Screen Shot 2019-05-31 at 12 21 19 PM

Hi @nbucklin , thanks for testing this out, I am glad you're finding it useful! Sorry for the delay, I missed any notifications from this and only just saw it.

A few things to unpack here, if I'm not too late:

  1. To not plot the nodes, just remove that line! The reason you're having a problem is because adding a LineCollection to a plot unfortunately doesn't trigger the auto x and y axis scales, and because the axis display is being removed, you can't see this is happening (if it was on, you would notice what is being displayed is between 0 and 1 in both x and y, when the actual lines are being plotted between something like -5000 and +5000).

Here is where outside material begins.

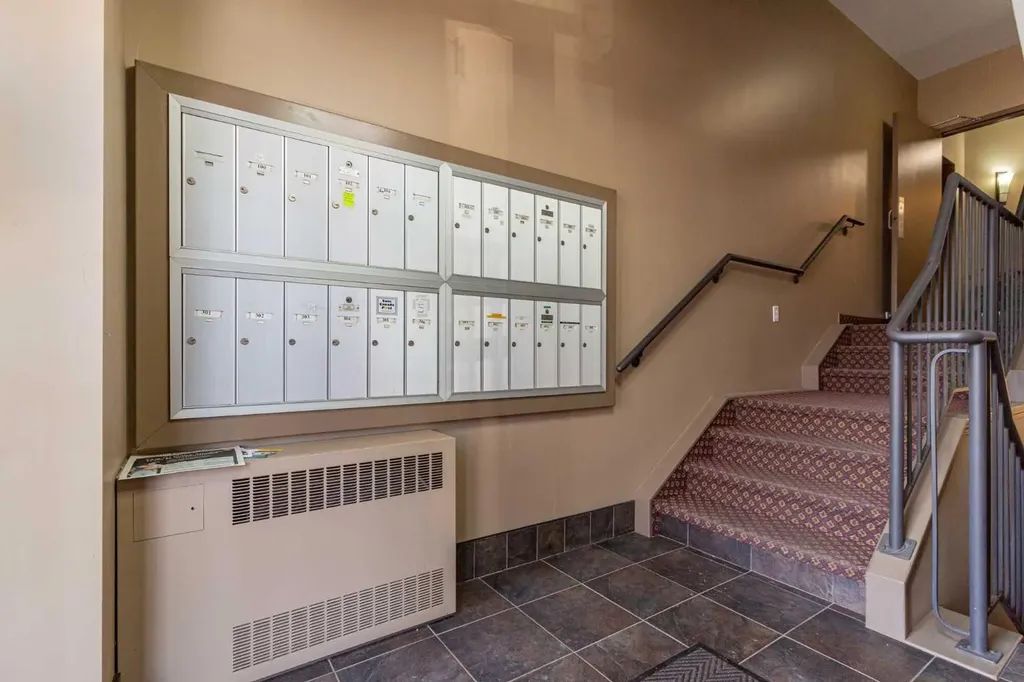 371 Aberdeen Street SE Medicine Hat AB T1A 0R3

In order to fix it, just run something like plt.axis('tight') before plt.show().

  2. You get an error with the plot() function only (I believe) if you re-run it. This is because you can't add a LineCollection to more than one figure. This is annoying, I know - maybe a way around is to make the LineCollection each time you plot. So in other words, store the list returned from curved_edges in your loop (as well as creating a new place to store the colours):

curves = curved_edges.curved_edges(G_sub,positions_sub)
lc_dict[n] = [curves, c]

then dynamically generate your LineCollection in the plot() function:

for key,value in lc_dict.items():
    plt.gca().add_collection(LineCollection(lc_dict[key][0],color=lc_dict[key][1],alpha=.05))
  1. Your initial question about the coords line... essentially what that does is convert the edge list (which is a list like [node1_id, node2_id]) into the actual coordinates of each node, so something like [(node1_x, node1_y), (node2_x, node2_y)]. It is pretty obscure, but it is done that way for speed to avoid having to look up each node more than once (it would be much clearer if I had put the code in a loop). pos[x] is the position of node x (pos is the output of the ForceAtlas call). Hope that makes sense.

Thanks for getting back to me! I tried your recommendations for plotting the LineCollections only and removing the plot() error - both worked! Also thanks for describing the pos[x] command... I wasn't understanding that pos came from the ForceAtlas function.